The Francis turbine fills a large gap between the Pelton and Kaplan and it is widely used. They operate in water head from 10 to 600 meters, and are primarily used for electric power generation. Their power output can be calculated from the water head and flow rate and typically range from 10 to more than 700 megawatts. One of the distinct advantages of the Francis turbine with respect to other water turbines is that they can also be used as water pump. This makes them ideal for a pumped storage systems.

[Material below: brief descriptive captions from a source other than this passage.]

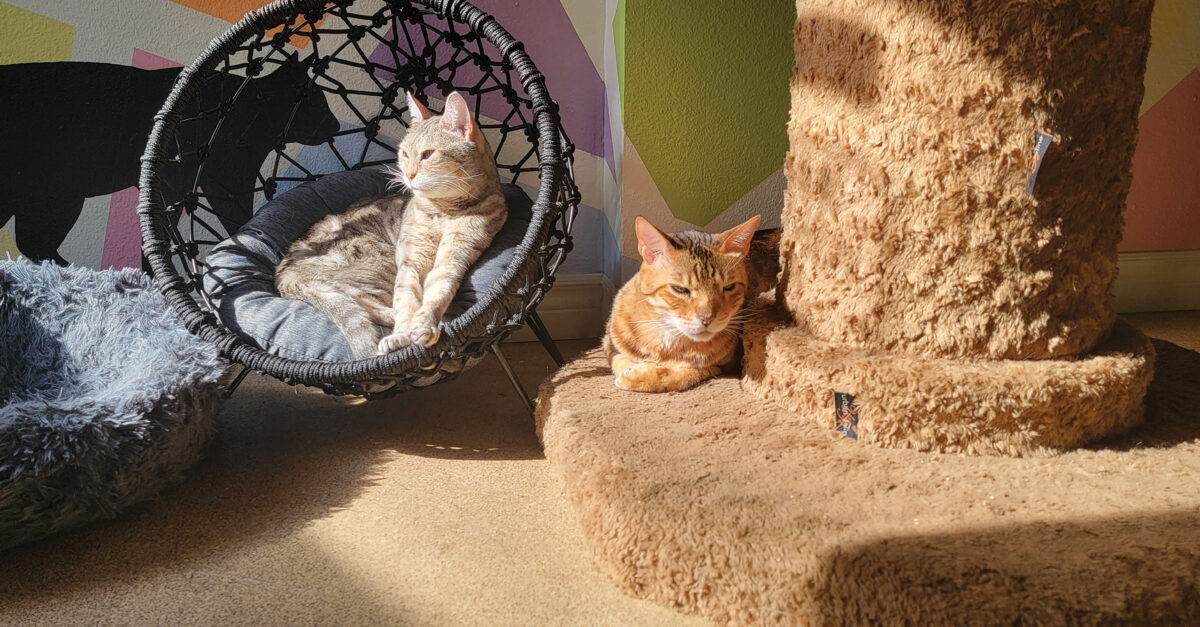 Curl Up at These Cat Cafés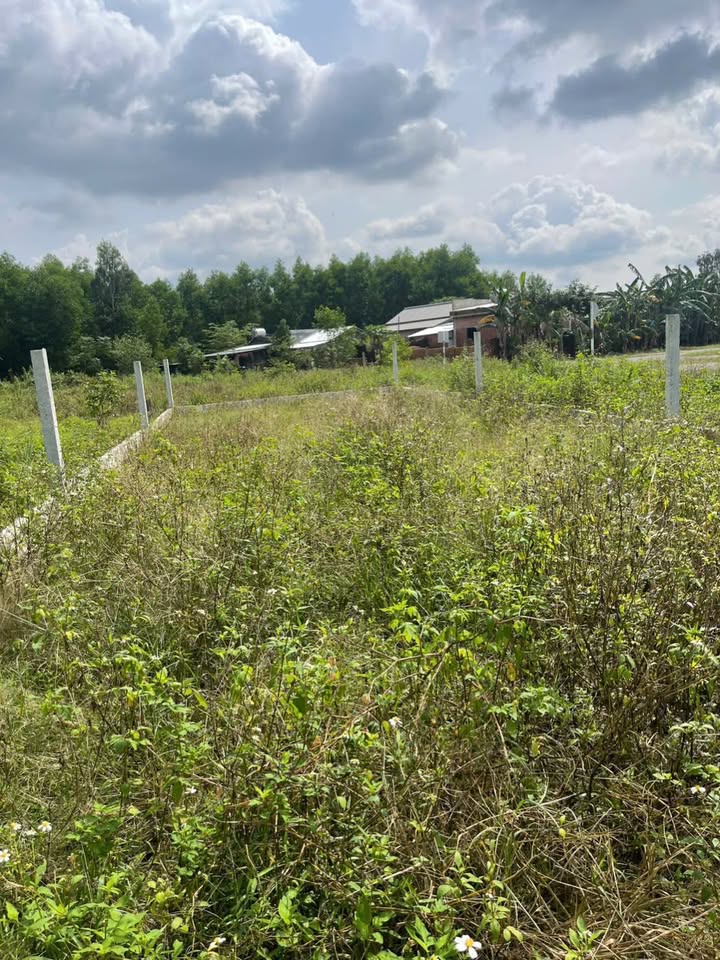 Đất nền Hòa Phong, Hòa Vang 133m² giá chỉ 1 tỷ - Nở hậu, ô tô đậu đỗ thoải mái!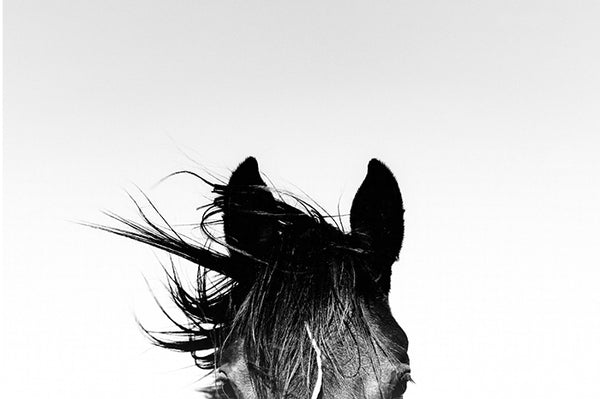 Spirit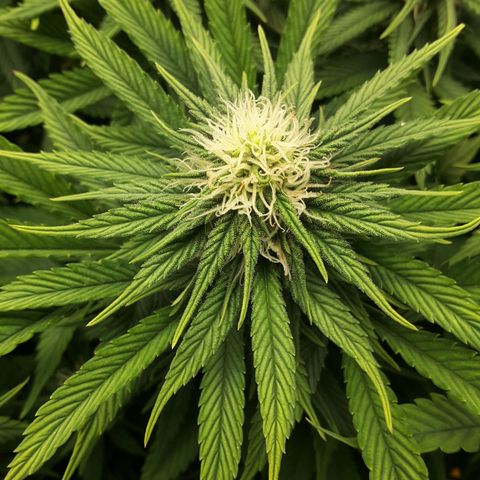 LAC Plant 1 growlog timeline photo
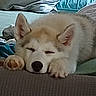 Bahia a rejoint le concours — aidez-le/la à gagner de superbes lots ! puppy, dog, sleeping, resting, cozy, bed, pillow, fur, cute, animal, pet, indoors, relaxed, canine, snout, ears, paw, blanket, soft, comfort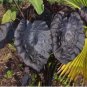 Painted Black Elephant Ear ppaf Gecko tm - Colocasia - Live Plant FJ
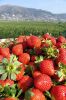 Fresh Picked Strawberries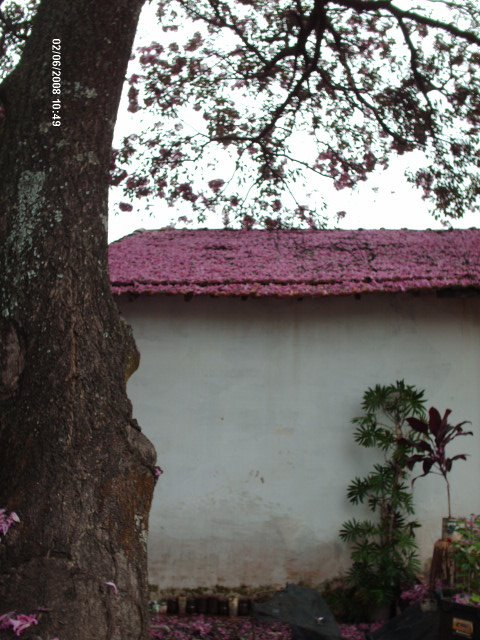 [Imagem+05+2008+1165.jpg]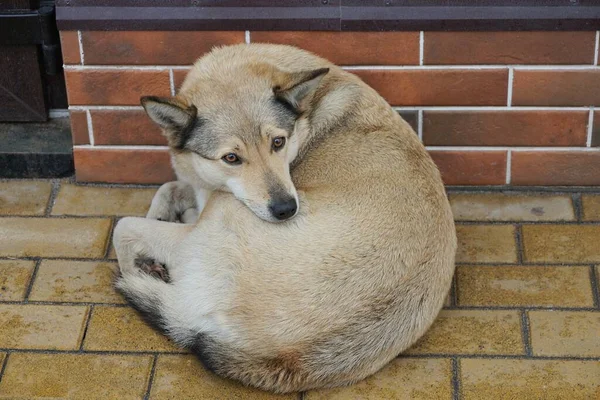 One Large Gray Stray Dog Lies Brown Sidewalk Brick Wall — Zdjęcie stockowe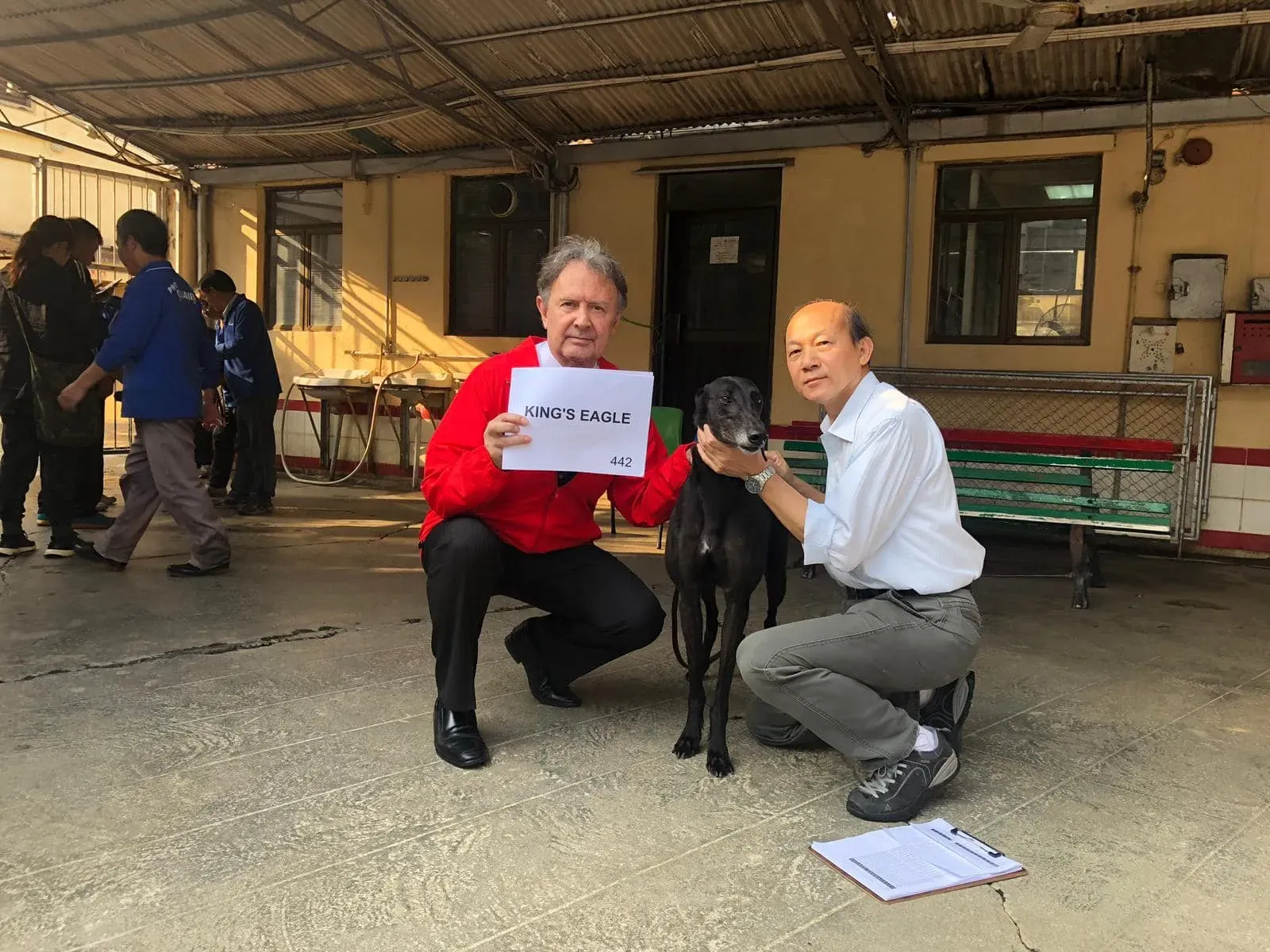 kings eagle partenza greyhound macao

This animation shows the operation of a Francis Turbine in a dam. The arrows show the water path and direction inside the dam. The water from the reservoir behind the dam is transferred to the turbine by a penstock. The penstock diameter of a Francis turbine could be as large as 10 meters. The water coming from the penstock is transferred to the inlet scroll, which distributes the water equally around the wicket gates. Water passes through the wicket gates, which controls the amount of water passing through the turbine, before reaching the runner. This in effect controls the power output of the dam. The wicket gates also adjust the angle of the water reaching to the runner.
After passing through the wicket gates, the water reaches the runner. The water pressure forces the runner to rotate. The rotation speed of the runner can be in the range of 80 to 1000 revolutions per minute. The water continues its motion downward under the runner to the exit pipe. The exit pipe discharges the water to the environment as low pressure water.
The turbine shaft of the Francis turbines is almost always mounted vertically. This makes discharge of the water much easier due to the swirling effect of the water in the inlet scroll, and the effect of gravity.
The rotational motion of the runner is transferred to an electric generator shown. The generated electricity is converted to a high voltage current and is transferred to the grid to be consumed.
One big advantage of the water turbines is that power output can be regulated very easily. If the demand is reduced, the amount of water flowing to the turbine can be reduced in a relatively short period of time.